= YOUR GOAL =
Nothing past the line containing "Rento Oficina en" belongs in the output. Copy exactly every line of the data below from the first up to and including it.

[Data extracted from a collection]
Segment Open
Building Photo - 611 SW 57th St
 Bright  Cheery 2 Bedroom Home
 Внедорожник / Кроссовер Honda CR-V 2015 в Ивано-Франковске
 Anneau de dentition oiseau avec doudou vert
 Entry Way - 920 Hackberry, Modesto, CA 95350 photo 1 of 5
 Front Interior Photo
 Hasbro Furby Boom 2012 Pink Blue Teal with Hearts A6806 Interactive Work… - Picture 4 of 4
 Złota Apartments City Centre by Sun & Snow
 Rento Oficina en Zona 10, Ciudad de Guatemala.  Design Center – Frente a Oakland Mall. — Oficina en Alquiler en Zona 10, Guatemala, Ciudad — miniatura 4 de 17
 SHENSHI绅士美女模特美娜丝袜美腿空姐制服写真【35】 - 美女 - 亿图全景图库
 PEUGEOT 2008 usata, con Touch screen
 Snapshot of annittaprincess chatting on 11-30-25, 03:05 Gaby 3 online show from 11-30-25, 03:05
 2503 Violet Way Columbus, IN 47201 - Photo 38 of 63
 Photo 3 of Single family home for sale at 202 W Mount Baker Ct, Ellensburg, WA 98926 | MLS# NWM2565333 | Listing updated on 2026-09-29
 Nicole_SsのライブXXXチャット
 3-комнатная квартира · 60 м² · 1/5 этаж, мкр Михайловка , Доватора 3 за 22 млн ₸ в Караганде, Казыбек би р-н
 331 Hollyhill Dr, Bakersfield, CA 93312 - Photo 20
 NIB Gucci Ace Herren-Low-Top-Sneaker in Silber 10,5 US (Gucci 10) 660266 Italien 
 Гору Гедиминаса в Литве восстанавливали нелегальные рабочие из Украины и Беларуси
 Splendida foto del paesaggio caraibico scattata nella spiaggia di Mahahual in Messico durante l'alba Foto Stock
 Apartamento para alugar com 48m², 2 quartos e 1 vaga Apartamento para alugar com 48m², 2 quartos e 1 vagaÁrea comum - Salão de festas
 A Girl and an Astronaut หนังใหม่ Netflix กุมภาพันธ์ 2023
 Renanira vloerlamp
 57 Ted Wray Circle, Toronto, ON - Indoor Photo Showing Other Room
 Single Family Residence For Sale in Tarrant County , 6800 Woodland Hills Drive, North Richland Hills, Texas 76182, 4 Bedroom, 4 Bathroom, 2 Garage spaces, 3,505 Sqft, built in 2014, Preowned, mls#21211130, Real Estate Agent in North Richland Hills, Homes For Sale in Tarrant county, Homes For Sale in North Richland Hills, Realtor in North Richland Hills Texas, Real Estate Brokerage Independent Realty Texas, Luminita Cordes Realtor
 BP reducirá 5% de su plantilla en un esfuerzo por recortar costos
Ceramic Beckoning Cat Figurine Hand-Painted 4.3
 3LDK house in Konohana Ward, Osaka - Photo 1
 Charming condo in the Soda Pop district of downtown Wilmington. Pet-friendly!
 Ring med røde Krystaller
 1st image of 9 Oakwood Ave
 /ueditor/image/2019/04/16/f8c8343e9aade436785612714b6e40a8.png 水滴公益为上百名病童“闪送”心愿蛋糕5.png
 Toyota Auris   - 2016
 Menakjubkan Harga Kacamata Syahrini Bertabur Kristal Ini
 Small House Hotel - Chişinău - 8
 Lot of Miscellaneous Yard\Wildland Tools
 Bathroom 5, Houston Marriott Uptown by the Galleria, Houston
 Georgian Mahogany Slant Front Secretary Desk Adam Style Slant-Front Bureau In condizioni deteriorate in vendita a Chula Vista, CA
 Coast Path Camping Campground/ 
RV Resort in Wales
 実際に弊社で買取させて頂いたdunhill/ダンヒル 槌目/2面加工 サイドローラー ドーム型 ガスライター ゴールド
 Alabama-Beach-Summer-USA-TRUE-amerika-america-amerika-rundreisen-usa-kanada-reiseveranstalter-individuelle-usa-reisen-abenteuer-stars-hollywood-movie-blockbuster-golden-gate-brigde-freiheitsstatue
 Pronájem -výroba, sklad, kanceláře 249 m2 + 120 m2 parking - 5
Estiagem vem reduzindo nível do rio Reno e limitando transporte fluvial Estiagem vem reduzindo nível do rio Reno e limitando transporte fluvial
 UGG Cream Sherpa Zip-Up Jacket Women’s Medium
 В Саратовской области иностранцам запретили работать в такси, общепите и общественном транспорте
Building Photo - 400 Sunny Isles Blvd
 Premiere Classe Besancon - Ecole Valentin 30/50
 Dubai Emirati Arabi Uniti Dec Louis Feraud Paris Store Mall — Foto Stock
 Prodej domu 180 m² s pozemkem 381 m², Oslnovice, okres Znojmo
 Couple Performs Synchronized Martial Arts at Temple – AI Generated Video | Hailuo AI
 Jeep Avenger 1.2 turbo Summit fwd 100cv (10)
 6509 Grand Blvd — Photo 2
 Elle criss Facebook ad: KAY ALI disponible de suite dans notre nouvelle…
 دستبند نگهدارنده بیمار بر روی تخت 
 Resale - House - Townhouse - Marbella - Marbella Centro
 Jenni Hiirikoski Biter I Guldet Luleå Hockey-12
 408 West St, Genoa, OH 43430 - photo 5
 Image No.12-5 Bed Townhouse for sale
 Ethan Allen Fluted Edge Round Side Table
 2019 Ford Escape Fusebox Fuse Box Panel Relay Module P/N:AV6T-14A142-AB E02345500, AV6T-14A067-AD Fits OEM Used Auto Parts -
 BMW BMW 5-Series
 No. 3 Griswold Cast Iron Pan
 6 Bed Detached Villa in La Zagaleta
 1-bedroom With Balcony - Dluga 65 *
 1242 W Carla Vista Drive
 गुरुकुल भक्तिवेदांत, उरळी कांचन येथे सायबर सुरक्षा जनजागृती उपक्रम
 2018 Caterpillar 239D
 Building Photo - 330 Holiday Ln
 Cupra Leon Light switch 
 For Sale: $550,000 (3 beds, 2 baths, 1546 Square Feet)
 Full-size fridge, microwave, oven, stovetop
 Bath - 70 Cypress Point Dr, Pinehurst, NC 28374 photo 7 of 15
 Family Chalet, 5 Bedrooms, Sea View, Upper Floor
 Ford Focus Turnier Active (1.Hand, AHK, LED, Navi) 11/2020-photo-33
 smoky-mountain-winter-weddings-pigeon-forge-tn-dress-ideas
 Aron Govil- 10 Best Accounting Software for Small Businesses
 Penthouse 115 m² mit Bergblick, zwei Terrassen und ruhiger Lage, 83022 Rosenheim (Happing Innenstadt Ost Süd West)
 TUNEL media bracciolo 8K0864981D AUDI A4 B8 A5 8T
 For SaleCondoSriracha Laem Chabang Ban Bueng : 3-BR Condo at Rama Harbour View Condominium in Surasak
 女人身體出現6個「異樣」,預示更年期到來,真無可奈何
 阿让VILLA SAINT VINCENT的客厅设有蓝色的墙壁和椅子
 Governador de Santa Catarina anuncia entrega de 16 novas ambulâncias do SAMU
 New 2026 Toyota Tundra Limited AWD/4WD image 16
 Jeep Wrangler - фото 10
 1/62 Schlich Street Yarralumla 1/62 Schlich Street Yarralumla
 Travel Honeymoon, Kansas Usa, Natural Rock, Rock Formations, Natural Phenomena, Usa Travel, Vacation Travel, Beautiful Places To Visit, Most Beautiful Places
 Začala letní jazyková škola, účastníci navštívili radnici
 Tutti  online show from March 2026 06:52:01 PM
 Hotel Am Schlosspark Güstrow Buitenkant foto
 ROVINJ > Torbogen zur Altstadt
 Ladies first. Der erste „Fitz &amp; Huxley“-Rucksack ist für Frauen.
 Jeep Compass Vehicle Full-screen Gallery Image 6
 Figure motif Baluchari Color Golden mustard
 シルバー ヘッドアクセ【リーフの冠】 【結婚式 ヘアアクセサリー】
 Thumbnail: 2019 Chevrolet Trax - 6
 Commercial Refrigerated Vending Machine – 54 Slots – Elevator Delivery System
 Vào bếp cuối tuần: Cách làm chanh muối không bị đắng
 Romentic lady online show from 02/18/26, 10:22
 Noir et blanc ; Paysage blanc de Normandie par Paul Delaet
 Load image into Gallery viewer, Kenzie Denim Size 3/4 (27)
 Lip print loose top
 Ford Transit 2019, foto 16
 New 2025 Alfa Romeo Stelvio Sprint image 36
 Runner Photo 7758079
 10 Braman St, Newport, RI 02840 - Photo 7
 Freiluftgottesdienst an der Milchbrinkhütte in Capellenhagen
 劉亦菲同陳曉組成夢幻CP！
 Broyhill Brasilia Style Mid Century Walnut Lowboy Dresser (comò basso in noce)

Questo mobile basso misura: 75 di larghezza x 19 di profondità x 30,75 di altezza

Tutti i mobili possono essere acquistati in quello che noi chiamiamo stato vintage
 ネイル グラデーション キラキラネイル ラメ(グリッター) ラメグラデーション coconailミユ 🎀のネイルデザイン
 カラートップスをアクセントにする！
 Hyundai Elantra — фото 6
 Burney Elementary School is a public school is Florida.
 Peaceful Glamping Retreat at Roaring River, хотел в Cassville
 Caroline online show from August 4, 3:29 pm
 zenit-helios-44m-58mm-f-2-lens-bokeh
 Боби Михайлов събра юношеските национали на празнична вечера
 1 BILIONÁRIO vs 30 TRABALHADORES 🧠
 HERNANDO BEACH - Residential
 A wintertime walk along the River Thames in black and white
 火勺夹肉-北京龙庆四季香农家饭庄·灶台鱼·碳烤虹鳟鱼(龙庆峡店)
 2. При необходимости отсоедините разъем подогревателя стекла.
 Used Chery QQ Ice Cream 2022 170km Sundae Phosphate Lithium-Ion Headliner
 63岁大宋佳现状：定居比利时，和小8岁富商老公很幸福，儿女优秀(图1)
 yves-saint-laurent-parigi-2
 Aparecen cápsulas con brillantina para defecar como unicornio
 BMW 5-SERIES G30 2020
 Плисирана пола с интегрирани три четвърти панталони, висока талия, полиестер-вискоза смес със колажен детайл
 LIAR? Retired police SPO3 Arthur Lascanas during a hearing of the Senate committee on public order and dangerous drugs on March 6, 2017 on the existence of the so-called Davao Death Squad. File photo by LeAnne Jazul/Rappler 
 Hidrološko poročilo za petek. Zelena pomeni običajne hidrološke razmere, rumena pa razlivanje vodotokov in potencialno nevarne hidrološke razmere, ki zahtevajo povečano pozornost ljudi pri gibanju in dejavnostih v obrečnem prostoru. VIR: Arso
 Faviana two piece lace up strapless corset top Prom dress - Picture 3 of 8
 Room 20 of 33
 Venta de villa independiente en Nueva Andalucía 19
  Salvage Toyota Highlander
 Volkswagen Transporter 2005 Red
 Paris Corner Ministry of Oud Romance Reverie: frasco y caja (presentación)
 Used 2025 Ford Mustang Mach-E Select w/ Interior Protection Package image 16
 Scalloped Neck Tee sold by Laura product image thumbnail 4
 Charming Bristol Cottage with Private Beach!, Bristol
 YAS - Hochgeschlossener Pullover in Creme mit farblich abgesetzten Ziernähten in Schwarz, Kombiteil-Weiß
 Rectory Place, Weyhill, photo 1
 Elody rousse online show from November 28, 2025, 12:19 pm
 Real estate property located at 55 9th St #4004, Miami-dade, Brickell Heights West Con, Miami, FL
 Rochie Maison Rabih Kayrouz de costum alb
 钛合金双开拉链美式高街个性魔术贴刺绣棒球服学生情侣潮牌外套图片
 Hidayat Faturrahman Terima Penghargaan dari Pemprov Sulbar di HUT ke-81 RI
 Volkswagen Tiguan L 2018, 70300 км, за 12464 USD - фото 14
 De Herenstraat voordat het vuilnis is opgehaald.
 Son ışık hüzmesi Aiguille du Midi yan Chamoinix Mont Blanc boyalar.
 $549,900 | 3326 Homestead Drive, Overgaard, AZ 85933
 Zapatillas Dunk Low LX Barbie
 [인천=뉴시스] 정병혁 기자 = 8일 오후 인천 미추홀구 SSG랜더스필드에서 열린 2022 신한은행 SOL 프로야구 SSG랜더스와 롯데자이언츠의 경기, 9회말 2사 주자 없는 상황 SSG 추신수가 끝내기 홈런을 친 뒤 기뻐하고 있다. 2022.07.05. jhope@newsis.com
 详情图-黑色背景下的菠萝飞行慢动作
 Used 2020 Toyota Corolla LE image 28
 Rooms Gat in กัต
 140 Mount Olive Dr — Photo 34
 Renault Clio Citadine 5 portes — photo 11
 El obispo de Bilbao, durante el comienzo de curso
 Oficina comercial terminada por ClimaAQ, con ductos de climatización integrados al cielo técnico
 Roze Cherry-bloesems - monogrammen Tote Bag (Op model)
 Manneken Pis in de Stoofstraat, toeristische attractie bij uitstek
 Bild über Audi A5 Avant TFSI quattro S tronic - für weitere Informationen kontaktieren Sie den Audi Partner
Segment Closed
= TASK ANSWER =
Building Photo - 611 SW 57th St
 Bright  Cheery 2 Bedroom Home
 Внедорожник / Кроссовер Honda CR-V 2015 в Ивано-Франковске
 Anneau de dentition oiseau avec doudou vert
 Entry Way - 920 Hackberry, Modesto, CA 95350 photo 1 of 5
 Front Interior Photo
 Hasbro Furby Boom 2012 Pink Blue Teal with Hearts A6806 Interactive Work… - Picture 4 of 4
 Złota Apartments City Centre by Sun & Snow
 Rento Oficina en Zona 10, Ciudad de Guatemala.  Design Center – Frente a Oakland Mall. — Oficina en Alquiler en Zona 10, Guatemala, Ciudad — miniatura 4 de 17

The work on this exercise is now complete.